I recently created my first EC2 instance through Amazon Web Services and uploaded my SSH certificate found in my .ssh folder on my users mac home folder. Through the terminal I now try to connect to my instance using elastic IP and it works when I prepend the SSH call with sudo. When I omit sudo I get an error message
Add correct host key in /Users/ola/.ssh/known_hosts to get rid of this message.
Offending RSA key in /Users/ola/.ssh/known_hosts:13
RSA host key for 54.247.165.223 has changed and you have requested strict checking.
Host key verification failed.
The same problem occurs as I try to log into the server using a SFTP connection.
My question, I guess, is why doesn’t it work when the key pair I use is the one uploaded from my users .ssh directory (and the same I use for some other services), and why it works when I add sudo.

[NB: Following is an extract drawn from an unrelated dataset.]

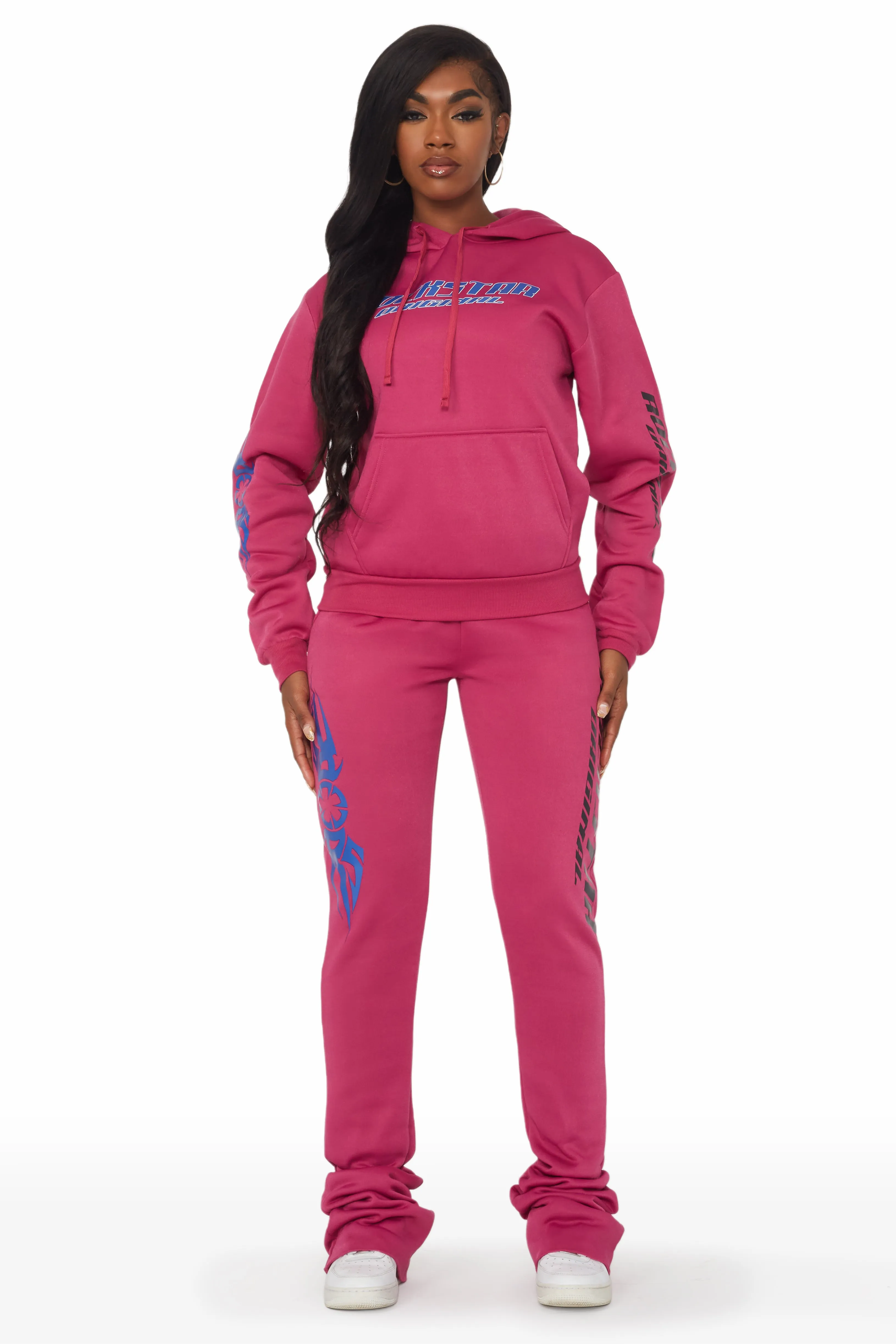 Wavley Fuchsia Super Stacked Trackset sold by Rockstar Original product image thumbnail 2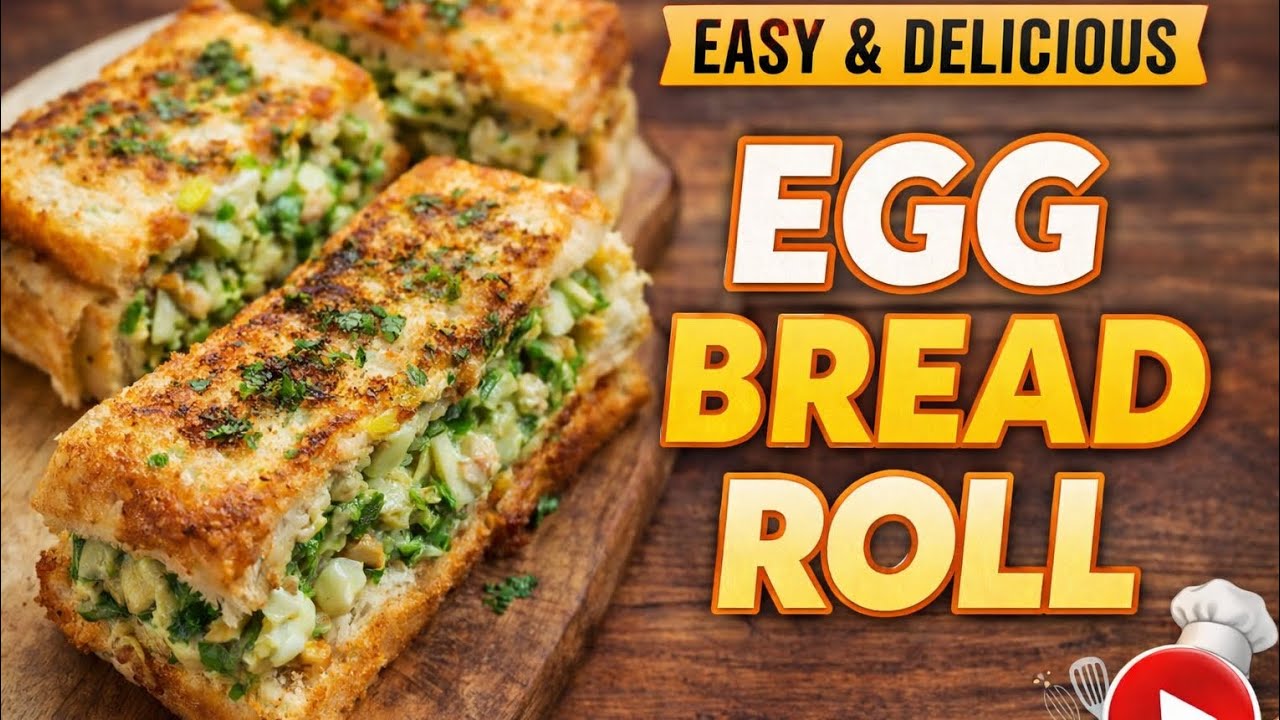 Egg bread roll recipe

Another question will then be, what is the difference between having the keys, both private and public, in .ssh under the user root or saving it in a known_host folder. Is there any different convention from unix on mac, linux and other system, or is this standard across every platform.
(I run an Ubuntu server as my AMI)
It seems your known_hosts file has an old or conflicting entry for that IP from a previous point in time. If you edit that file and remove line 13 (matching that ip) and save, when you connect again it should act like the first time and add it to known_hosts properly.
That file is where public keys are stored from previous connections to speed up future ones by simply using the key right away.